Elderberries are best not eaten raw, they can give some people a bad tum but if you’ve ever eaten one straight from the bush you’ll know they are rather tart. Tasting a bit like a blackberry but more sour and they have a slightly earthy taste. See my Harvesting Elderberries post for more details on what to look for when picking and more recipes with elderberries to make the most of your foraged fruit.

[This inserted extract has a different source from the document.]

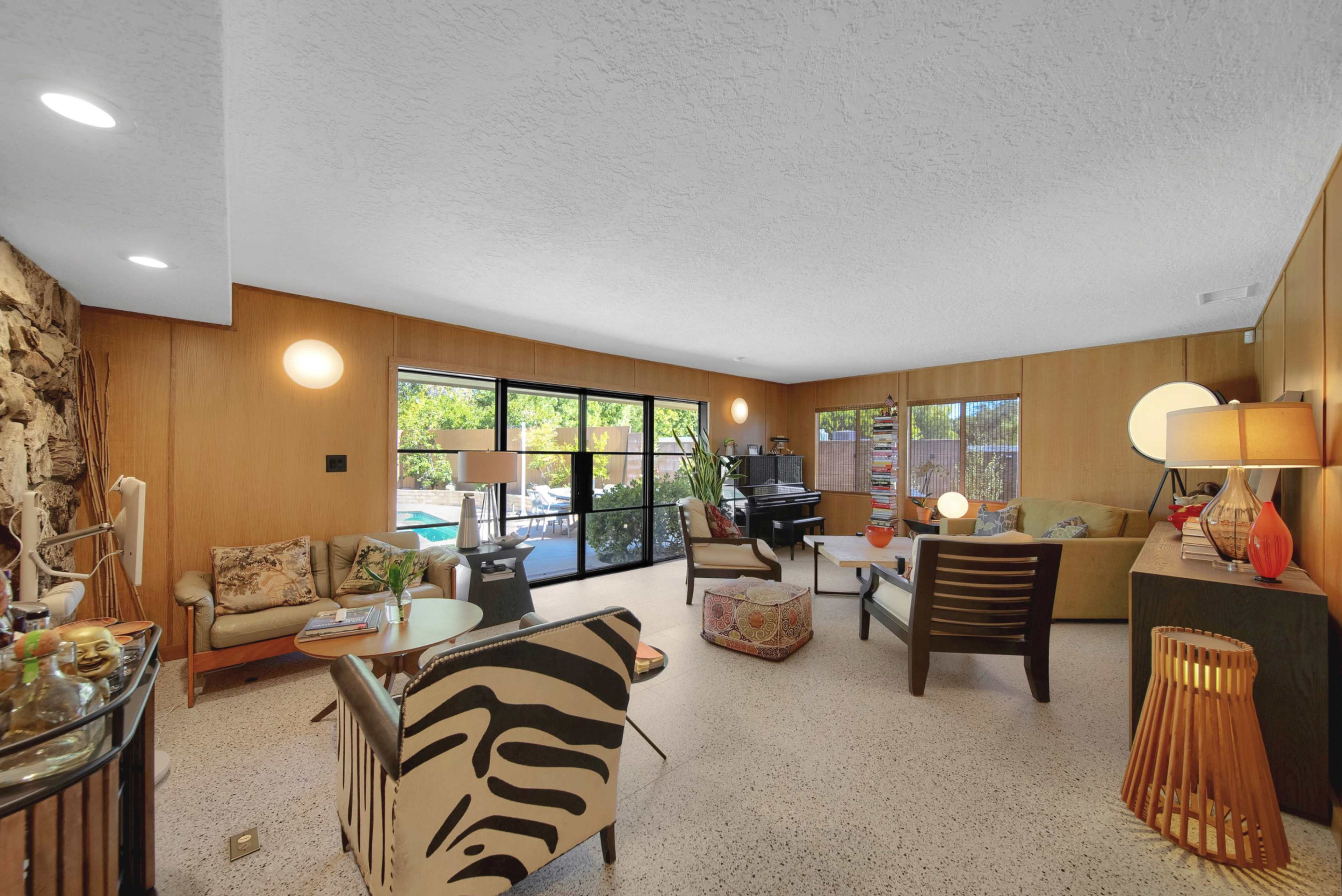 The image depicts a mid-century modern living room featuring large windows, patterned furniture, and a piano in the background.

Tart aux Myrtilles is the inspiration for my Elderberry Tart. I’ve used a rich butter pastry and used a small amount of custard flavoured with Creme de Cassis as a base for the elderberries for my version of this much loved tart. It truly is delicious, the elderberries adding just the right amount of tartness and fruitiness and if you’re like us you won’t be able to stop at just one slice. Serve cold ( if you can wait that long) with a dollop of creme fraiche or Homemade Clotted Cream.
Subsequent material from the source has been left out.